REQUIRED ACTION: From the data below, set down exactly the lines between the one holding "保衛蘿卜4法老歸來第113關怎么過" and the one holding "mapas aeropuerto windows 10", inclusive, and no others.
--- DATA SUPPLIED Enclosed Below ---
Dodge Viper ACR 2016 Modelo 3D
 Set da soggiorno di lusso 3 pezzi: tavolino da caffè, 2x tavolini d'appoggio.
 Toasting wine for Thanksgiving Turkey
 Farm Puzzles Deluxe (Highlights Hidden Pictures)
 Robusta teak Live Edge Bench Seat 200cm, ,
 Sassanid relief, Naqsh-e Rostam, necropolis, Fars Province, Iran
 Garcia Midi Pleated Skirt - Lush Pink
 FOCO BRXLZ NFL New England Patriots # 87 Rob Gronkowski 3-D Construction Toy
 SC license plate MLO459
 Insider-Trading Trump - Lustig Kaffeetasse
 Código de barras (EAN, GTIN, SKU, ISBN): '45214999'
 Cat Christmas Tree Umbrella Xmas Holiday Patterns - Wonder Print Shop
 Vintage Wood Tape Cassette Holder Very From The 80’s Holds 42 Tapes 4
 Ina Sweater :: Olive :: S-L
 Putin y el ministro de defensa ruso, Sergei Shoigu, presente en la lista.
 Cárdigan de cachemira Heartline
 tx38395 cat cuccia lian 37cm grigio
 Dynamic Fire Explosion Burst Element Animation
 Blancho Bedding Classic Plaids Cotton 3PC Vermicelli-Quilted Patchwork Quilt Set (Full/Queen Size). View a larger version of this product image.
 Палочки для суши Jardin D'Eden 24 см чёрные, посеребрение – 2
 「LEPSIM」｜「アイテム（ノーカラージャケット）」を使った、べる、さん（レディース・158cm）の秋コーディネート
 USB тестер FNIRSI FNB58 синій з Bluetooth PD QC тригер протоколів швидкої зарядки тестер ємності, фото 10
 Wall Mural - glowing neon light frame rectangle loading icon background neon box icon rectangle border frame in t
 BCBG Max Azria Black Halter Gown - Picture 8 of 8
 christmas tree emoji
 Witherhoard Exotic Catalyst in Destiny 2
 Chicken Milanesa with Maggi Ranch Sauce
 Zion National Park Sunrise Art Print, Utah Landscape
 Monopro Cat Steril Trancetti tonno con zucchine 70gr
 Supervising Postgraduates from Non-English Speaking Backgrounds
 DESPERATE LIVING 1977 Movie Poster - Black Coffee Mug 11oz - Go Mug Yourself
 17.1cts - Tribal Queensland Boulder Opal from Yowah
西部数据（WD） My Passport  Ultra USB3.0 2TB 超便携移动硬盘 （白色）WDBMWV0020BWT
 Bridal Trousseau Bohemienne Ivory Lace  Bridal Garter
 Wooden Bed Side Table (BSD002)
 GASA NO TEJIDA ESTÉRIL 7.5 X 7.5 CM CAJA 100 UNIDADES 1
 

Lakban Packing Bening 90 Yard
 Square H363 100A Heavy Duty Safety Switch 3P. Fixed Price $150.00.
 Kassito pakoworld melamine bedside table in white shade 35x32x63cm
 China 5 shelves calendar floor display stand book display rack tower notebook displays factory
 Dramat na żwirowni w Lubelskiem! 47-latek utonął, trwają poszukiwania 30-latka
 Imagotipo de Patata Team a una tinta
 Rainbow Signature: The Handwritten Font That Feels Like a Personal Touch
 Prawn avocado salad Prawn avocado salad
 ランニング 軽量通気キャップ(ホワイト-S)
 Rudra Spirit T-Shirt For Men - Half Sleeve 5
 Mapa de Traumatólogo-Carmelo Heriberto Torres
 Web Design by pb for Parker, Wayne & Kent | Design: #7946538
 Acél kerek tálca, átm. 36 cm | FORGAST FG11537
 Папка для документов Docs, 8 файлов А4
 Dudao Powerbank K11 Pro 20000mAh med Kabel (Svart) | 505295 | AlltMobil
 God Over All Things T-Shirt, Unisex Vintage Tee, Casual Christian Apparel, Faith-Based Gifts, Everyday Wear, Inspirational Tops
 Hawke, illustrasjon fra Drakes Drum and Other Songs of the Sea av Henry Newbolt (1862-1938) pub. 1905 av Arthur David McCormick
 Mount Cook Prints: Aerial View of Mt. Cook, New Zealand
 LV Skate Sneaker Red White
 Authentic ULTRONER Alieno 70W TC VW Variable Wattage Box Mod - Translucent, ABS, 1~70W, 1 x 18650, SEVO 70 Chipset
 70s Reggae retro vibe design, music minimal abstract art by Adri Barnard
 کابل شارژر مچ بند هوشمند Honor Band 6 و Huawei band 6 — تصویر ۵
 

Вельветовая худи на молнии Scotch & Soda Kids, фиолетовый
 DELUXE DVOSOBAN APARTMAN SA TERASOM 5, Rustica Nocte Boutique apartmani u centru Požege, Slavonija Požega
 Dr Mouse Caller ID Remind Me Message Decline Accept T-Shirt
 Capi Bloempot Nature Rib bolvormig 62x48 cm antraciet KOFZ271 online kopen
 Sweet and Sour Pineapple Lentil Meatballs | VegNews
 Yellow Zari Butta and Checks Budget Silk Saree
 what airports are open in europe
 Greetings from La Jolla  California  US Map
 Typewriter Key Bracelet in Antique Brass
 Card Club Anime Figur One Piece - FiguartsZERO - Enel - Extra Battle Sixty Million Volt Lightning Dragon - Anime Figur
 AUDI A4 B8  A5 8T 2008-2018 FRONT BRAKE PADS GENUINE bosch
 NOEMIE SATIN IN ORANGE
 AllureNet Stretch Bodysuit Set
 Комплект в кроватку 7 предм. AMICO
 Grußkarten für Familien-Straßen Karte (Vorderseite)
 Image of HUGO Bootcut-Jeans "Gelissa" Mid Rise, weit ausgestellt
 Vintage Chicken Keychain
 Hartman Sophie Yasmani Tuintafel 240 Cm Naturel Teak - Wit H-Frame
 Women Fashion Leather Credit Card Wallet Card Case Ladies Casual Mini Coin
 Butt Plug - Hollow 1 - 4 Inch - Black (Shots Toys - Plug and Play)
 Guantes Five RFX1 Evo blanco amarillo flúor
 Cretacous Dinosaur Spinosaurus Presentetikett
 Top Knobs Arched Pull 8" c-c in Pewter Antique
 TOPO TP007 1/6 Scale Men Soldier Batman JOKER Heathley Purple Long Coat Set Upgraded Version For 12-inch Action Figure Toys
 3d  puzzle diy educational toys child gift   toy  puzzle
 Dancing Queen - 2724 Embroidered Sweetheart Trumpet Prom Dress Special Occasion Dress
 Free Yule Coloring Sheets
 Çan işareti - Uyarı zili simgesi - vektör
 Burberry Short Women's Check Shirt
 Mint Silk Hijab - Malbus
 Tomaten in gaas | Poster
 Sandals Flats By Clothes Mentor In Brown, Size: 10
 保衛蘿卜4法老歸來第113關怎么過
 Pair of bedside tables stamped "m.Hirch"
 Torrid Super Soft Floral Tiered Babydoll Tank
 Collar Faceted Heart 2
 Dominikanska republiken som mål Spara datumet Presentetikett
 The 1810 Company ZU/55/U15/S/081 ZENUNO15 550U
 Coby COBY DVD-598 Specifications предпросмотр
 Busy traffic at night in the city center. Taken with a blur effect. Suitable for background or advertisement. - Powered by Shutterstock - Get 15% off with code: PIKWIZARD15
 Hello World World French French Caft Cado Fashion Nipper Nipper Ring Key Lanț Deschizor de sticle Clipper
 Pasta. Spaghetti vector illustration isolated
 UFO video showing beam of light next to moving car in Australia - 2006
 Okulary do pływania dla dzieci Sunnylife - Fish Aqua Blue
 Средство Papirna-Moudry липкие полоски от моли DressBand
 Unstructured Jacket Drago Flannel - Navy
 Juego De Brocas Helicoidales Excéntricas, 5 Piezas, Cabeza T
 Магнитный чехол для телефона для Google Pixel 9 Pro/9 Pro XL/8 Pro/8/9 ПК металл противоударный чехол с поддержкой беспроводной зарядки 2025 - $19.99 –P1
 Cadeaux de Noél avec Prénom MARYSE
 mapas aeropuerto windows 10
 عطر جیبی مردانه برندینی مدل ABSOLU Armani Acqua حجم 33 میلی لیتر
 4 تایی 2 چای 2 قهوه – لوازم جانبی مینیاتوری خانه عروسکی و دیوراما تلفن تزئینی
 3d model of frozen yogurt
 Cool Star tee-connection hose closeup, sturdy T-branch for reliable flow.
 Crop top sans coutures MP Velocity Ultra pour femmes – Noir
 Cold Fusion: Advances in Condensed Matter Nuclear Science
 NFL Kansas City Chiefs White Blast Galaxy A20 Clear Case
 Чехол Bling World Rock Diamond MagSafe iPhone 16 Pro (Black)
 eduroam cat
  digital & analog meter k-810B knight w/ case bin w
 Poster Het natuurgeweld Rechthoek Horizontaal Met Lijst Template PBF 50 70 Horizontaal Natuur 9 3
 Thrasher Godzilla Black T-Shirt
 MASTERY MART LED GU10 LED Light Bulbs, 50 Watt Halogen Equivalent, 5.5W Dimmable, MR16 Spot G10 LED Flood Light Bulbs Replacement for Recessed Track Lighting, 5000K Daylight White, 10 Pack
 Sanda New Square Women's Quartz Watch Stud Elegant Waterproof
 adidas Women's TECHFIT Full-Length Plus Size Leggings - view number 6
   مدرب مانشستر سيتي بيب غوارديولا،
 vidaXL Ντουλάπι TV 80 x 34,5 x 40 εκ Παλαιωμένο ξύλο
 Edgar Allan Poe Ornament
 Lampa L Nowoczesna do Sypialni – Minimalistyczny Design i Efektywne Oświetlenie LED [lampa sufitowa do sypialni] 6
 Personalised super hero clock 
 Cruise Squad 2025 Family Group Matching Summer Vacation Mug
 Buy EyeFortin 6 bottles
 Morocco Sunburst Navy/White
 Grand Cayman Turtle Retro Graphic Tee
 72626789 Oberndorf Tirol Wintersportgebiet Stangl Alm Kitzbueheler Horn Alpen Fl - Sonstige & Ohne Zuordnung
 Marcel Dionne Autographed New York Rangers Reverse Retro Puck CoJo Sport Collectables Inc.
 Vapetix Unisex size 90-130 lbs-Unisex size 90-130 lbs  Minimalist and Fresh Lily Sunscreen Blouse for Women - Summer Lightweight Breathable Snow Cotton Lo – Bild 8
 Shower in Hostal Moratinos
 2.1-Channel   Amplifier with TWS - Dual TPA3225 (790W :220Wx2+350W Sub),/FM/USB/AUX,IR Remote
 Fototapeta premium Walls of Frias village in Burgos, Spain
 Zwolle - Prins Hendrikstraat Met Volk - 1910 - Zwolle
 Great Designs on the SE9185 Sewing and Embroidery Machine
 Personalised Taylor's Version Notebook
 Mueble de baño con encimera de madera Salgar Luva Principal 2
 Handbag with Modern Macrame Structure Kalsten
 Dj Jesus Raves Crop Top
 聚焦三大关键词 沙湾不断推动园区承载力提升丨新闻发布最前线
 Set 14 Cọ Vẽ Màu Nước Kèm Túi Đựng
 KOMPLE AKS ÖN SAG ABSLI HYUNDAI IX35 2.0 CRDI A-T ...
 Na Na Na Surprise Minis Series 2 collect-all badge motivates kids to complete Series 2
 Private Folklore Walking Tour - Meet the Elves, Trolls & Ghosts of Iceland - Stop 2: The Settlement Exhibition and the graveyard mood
--- End of Enclosed DATA SUPPLIED ---
EXERCISE RESPONSE:
 保衛蘿卜4法老歸來第113關怎么過
 Pair of bedside tables stamped "m.Hirch"
 Torrid Super Soft Floral Tiered Babydoll Tank
 Collar Faceted Heart 2
 Dominikanska republiken som mål Spara datumet Presentetikett
 The 1810 Company ZU/55/U15/S/081 ZENUNO15 550U
 Coby COBY DVD-598 Specifications предпросмотр
 Busy traffic at night in the city center. Taken with a blur effect. Suitable for background or advertisement. - Powered by Shutterstock - Get 15% off with code: PIKWIZARD15
 Hello World World French French Caft Cado Fashion Nipper Nipper Ring Key Lanț Deschizor de sticle Clipper
 Pasta. Spaghetti vector illustration isolated
 UFO video showing beam of light next to moving car in Australia - 2006
 Okulary do pływania dla dzieci Sunnylife - Fish Aqua Blue
 Средство Papirna-Moudry липкие полоски от моли DressBand
 Unstructured Jacket Drago Flannel - Navy
 Juego De Brocas Helicoidales Excéntricas, 5 Piezas, Cabeza T
 Магнитный чехол для телефона для Google Pixel 9 Pro/9 Pro XL/8 Pro/8/9 ПК металл противоударный чехол с поддержкой беспроводной зарядки 2025 - $19.99 –P1
 Cadeaux de Noél avec Prénom MARYSE
 mapas aeropuerto windows 10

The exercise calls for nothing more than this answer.